§ **PROMPT**: Of the lines in the data below, write out exactly those from the one holding "Hohe Büro- und" through the one holding "سردار احمد وحیدی", both included.

§ **DATA**:
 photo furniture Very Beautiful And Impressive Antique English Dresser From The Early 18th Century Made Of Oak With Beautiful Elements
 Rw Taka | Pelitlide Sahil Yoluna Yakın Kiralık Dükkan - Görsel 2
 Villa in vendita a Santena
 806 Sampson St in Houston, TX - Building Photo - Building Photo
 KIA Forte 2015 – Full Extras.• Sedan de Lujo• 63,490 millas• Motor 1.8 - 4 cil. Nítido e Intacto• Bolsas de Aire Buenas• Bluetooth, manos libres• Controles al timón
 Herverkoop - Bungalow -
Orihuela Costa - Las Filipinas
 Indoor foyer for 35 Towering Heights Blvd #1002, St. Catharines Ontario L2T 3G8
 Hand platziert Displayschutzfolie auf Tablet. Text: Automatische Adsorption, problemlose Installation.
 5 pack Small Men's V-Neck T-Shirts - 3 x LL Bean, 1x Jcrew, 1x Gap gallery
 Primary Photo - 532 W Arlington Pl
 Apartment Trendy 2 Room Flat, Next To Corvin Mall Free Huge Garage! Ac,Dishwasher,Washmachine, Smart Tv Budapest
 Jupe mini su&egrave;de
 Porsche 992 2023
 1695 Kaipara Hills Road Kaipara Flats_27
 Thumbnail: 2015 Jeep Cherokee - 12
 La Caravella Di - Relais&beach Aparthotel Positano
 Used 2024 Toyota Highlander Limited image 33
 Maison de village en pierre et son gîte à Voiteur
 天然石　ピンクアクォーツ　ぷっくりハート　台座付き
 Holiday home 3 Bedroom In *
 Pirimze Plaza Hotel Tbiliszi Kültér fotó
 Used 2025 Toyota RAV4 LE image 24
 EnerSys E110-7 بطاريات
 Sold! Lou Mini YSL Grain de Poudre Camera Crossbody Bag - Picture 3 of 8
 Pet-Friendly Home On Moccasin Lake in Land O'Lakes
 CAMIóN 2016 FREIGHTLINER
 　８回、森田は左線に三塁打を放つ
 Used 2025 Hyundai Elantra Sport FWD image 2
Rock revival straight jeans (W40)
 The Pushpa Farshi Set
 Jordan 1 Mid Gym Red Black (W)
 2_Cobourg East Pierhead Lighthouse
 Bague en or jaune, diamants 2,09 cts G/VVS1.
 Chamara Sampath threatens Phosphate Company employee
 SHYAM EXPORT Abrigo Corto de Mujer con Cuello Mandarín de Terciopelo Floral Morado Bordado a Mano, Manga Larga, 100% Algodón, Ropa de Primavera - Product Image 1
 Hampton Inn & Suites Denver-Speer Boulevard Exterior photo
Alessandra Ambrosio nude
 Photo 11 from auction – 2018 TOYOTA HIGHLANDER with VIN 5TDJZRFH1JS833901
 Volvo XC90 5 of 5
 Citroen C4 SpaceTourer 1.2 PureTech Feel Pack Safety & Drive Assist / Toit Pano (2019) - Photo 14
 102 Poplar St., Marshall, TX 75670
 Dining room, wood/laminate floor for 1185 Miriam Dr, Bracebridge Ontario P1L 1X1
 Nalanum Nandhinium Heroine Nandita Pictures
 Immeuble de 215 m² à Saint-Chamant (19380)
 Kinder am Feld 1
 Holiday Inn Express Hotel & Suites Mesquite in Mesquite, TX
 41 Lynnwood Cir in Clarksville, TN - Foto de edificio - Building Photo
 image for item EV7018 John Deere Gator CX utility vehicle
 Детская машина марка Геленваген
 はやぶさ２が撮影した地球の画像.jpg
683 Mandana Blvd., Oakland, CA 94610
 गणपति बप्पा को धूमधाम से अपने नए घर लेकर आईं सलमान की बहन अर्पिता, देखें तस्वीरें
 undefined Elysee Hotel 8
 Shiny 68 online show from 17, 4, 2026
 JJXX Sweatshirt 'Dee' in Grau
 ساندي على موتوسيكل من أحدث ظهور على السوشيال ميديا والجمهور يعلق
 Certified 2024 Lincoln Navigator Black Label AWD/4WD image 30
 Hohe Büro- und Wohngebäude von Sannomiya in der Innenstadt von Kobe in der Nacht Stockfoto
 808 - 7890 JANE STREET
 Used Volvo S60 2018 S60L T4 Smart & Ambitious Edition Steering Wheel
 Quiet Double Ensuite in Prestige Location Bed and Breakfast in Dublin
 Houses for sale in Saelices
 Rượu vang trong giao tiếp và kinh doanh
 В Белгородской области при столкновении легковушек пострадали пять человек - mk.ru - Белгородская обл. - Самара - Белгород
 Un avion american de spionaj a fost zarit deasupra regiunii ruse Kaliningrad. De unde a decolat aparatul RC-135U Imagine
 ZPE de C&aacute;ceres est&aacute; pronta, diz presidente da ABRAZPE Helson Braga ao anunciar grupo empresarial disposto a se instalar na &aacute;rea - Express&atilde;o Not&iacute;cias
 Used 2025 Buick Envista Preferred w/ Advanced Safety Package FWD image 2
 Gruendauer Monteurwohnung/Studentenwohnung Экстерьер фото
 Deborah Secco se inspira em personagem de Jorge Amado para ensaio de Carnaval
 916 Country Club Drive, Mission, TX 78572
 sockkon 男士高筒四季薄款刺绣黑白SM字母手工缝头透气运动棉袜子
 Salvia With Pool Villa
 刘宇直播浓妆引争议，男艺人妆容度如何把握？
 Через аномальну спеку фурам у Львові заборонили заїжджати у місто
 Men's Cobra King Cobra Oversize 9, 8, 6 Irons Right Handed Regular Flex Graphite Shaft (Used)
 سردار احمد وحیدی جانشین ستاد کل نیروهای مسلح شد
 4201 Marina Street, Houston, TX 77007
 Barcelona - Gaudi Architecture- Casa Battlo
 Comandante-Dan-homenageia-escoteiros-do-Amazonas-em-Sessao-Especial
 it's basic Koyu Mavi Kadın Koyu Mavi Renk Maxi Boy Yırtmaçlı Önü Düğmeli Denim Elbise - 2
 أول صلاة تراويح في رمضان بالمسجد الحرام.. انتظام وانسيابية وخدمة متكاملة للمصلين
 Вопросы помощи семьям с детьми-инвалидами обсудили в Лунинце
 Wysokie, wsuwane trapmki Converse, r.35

§ **SOLUTION TO THIS PROBLEM**:
 Hohe Büro- und Wohngebäude von Sannomiya in der Innenstadt von Kobe in der Nacht Stockfoto
 808 - 7890 JANE STREET
 Used Volvo S60 2018 S60L T4 Smart & Ambitious Edition Steering Wheel
 Quiet Double Ensuite in Prestige Location Bed and Breakfast in Dublin
 Houses for sale in Saelices
 Rượu vang trong giao tiếp và kinh doanh
 В Белгородской области при столкновении легковушек пострадали пять человек - mk.ru - Белгородская обл. - Самара - Белгород
 Un avion american de spionaj a fost zarit deasupra regiunii ruse Kaliningrad. De unde a decolat aparatul RC-135U Imagine
 ZPE de C&aacute;ceres est&aacute; pronta, diz presidente da ABRAZPE Helson Braga ao anunciar grupo empresarial disposto a se instalar na &aacute;rea - Express&atilde;o Not&iacute;cias
 Used 2025 Buick Envista Preferred w/ Advanced Safety Package FWD image 2
 Gruendauer Monteurwohnung/Studentenwohnung Экстерьер фото
 Deborah Secco se inspira em personagem de Jorge Amado para ensaio de Carnaval
 916 Country Club Drive, Mission, TX 78572
 sockkon 男士高筒四季薄款刺绣黑白SM字母手工缝头透气运动棉袜子
 Salvia With Pool Villa
 刘宇直播浓妆引争议，男艺人妆容度如何把握？
 Через аномальну спеку фурам у Львові заборонили заїжджати у місто
 Men's Cobra King Cobra Oversize 9, 8, 6 Irons Right Handed Regular Flex Graphite Shaft (Used)
 سردار احمد وحیدی جانشین ستاد کل نیروهای مسلح شد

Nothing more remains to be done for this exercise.